C'est encore la direction de Sir Simon
qui appelle tous les éloges dans l'Harmoniemesse. Puissante,
nerveuse et presque sauvage dans sa manière d'aborder les contrastes,
abrupts, il est vrai, voulus par le compositeur, la vision proposée
par le nouveau directeur du Berliner Philharmoniker est défendue
avec vaillance et conviction par les European Voices, nettement plus en
situation que dans les pages de Purcell données au Théâtre
des Champs-Élysées en mars dernier (l'ode Come Ye Sons
of Art et Didon and Aeneas, sous la direction un peu brouillonne
d'Emmanuelle Haïm). Plus homogène - même si les pupitres
masculins dominent des sopranos franchement ternes - et précis,
l'ensemble rend justice à l'ultime chef-d'oeuvre de Joseph Haydn.
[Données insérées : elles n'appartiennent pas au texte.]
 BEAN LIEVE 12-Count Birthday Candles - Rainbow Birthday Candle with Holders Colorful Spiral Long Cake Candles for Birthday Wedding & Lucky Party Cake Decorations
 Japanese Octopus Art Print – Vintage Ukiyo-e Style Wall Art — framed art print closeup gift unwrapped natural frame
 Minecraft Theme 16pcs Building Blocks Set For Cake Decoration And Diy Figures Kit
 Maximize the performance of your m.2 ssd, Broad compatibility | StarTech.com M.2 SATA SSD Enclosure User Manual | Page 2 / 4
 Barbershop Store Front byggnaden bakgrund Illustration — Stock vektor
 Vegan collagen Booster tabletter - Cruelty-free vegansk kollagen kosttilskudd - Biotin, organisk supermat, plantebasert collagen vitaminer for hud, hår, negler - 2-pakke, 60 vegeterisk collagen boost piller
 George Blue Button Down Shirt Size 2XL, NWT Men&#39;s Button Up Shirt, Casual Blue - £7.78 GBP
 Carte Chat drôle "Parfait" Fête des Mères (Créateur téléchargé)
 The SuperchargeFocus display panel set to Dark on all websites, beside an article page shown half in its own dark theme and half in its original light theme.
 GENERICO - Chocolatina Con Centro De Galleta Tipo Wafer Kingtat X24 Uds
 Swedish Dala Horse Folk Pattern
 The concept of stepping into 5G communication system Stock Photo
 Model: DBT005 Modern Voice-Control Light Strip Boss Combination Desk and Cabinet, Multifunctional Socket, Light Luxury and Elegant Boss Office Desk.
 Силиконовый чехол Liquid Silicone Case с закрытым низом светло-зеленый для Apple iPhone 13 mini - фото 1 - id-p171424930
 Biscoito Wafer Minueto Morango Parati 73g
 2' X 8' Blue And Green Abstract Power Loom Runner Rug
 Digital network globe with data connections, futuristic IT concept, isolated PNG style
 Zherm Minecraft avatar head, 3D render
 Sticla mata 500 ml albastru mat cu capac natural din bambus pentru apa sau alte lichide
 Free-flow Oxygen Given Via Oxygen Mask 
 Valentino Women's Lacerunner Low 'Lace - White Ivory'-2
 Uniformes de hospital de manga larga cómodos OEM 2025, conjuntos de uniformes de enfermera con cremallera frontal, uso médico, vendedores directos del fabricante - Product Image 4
Dommage que les solistes rivalisent de mollesse et d'ennui. Souffrant,
John-Mark Ainsley a déclaré forfait, Jeremy Ovendem, impeccable
styliste, mais affublé d'un timbre ingrat, le remplace ; hélas.
Coincée entre le soprano étriqué et sans charme de
Susan Gritton et les graves sourds de David Wilson-Johnson, Rinat Shaham
parvient sans peine à se distinguer de ses mornes partenaires. Plus
à l'aise dans les passages recueillis ou contemplatifs ("Domine
Deus, rex caelestis" [Gloria], Agnus Dei, illuminé
par des vents enchanteurs), le quatuor a la jubilation tiède (Sanctus).
Un musicien de la trempe de Simon Rattle mérite mieux, beaucoup
mieux. Mais si la réalisation déçoit partiellement,
les hardiesses, parfois déroutantes, du chef stimulent notre imagination
et enrichissent notre écoute. C'est déjà beaucoup.
Le public ne s'y trompe, qui réserve un triomphe aux artistes.